Video, ein audiovisuelles Medium

4 Die Verwendung von Prozessoren für die Videobearbeitung

Video-Prozessoren wurden Anfang der siebziger Jahre von Ingenieuren in engem Austausch mit Videokünstlern konstruiert. Sie dienen der Kontrolle der elektrischen Spannung in Echtzeit und bewirken Signalabweichungen, welche die Beugung der einzelnen Scan Lines verursachen. Im Unterschied zu einem Synthesizer, der vom Prinzip her kompositorisch verfährt, Bild und Ton generiert und verschiedene Quellen verknüpft, analysiert ein Prozessor die kleinsten Einheiten im Video, also seine Wellenformen, und steuert damit ihr Erscheinungsbild.

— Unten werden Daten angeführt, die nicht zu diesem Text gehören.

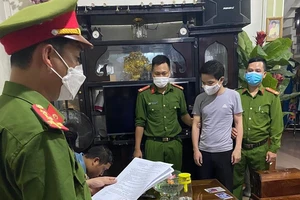 Khởi tố 'cò đất' lừa đảo chiếm đoạt tiền tỉ ở Quảng Bình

Der 1973 von Steve Rutt, Bill Etra und Louise Rutt entwickelte Rutt/Etra Scan Processor[4], mit dem beispielsweise Nam June Paik, Gary Hill und Steina und Woody Vasulka gearbeitet haben, eignet sich insbesondere für Videoanalyse, das heißt für die Kontrolle und Modulation der elektrischen Signale. Im Scan Processor werden die helleren Partien im Bild entsprechend der Voltzahl im zeitlichen Verlauf stärker oder schwächer angehoben, wodurch die horizontalen Linien vertikal abweichen und skulpturale Formen bilden. Durch die Hinzufügung von Energie entstehen aus videographischen Bildzeilen (Scan Lines) abstrakte Figurationen. Auf diese Weise ließ Woody Vasulka in Vocabulary (1973) getrennte Bildflächen aufgrund gleicher Helligkeits- und Farbwerte zu neuen Formen zusammenfließen. Weitere Funktionen des Gerätes setzte Gary Hill in Picture Story (1979) ein, wo er eingekeyte, das heißt ausgeschnittene und eingefügte Bildflächen, verkleinerte und vergrößerte sowie die Oben-Unten- und Rechts-Links-Verhältnisse im Gesamtbild vertauschte.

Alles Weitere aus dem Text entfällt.